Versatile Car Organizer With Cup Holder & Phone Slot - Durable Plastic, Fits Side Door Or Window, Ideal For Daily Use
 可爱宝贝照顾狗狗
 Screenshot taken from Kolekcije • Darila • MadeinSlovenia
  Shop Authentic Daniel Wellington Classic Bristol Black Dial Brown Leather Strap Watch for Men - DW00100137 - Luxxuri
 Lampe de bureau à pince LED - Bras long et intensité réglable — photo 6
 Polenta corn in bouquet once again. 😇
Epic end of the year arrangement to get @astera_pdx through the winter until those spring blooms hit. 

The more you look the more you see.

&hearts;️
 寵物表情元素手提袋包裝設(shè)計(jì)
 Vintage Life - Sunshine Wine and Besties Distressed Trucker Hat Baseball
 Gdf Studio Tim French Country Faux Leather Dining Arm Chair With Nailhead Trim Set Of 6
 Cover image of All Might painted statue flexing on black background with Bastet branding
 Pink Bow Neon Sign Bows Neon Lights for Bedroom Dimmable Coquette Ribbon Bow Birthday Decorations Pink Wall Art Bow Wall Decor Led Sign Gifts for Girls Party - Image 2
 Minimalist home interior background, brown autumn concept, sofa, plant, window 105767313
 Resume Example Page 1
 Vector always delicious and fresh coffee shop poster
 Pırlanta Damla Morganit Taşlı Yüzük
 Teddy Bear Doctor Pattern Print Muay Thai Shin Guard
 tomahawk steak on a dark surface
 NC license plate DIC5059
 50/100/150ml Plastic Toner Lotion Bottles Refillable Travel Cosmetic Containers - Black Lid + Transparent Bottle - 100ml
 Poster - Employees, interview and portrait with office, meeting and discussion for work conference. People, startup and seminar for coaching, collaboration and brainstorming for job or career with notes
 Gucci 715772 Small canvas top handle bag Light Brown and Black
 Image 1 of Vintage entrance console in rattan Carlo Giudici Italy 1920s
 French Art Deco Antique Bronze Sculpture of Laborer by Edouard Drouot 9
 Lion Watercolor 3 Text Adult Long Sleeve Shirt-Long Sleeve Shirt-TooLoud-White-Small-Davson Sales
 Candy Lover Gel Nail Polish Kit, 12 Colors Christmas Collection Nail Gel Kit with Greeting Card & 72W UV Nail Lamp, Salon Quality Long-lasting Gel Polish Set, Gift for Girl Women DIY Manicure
++++++++++
> Your instructions: Beginning at the line above that contains "Polenta corn in bouquet once again. 😇", return each line exactly through the line that contains "50/100/150ml Plastic Toner", and no others.

> Final answer:
 Polenta corn in bouquet once again. 😇
Epic end of the year arrangement to get @astera_pdx through the winter until those spring blooms hit. 

The more you look the more you see.

&hearts;️
 寵物表情元素手提袋包裝設(shè)計(jì)
 Vintage Life - Sunshine Wine and Besties Distressed Trucker Hat Baseball
 Gdf Studio Tim French Country Faux Leather Dining Arm Chair With Nailhead Trim Set Of 6
 Cover image of All Might painted statue flexing on black background with Bastet branding
 Pink Bow Neon Sign Bows Neon Lights for Bedroom Dimmable Coquette Ribbon Bow Birthday Decorations Pink Wall Art Bow Wall Decor Led Sign Gifts for Girls Party - Image 2
 Minimalist home interior background, brown autumn concept, sofa, plant, window 105767313
 Resume Example Page 1
 Vector always delicious and fresh coffee shop poster
 Pırlanta Damla Morganit Taşlı Yüzük
 Teddy Bear Doctor Pattern Print Muay Thai Shin Guard
 tomahawk steak on a dark surface
 NC license plate DIC5059
 50/100/150ml Plastic Toner Lotion Bottles Refillable Travel Cosmetic Containers - Black Lid + Transparent Bottle - 100ml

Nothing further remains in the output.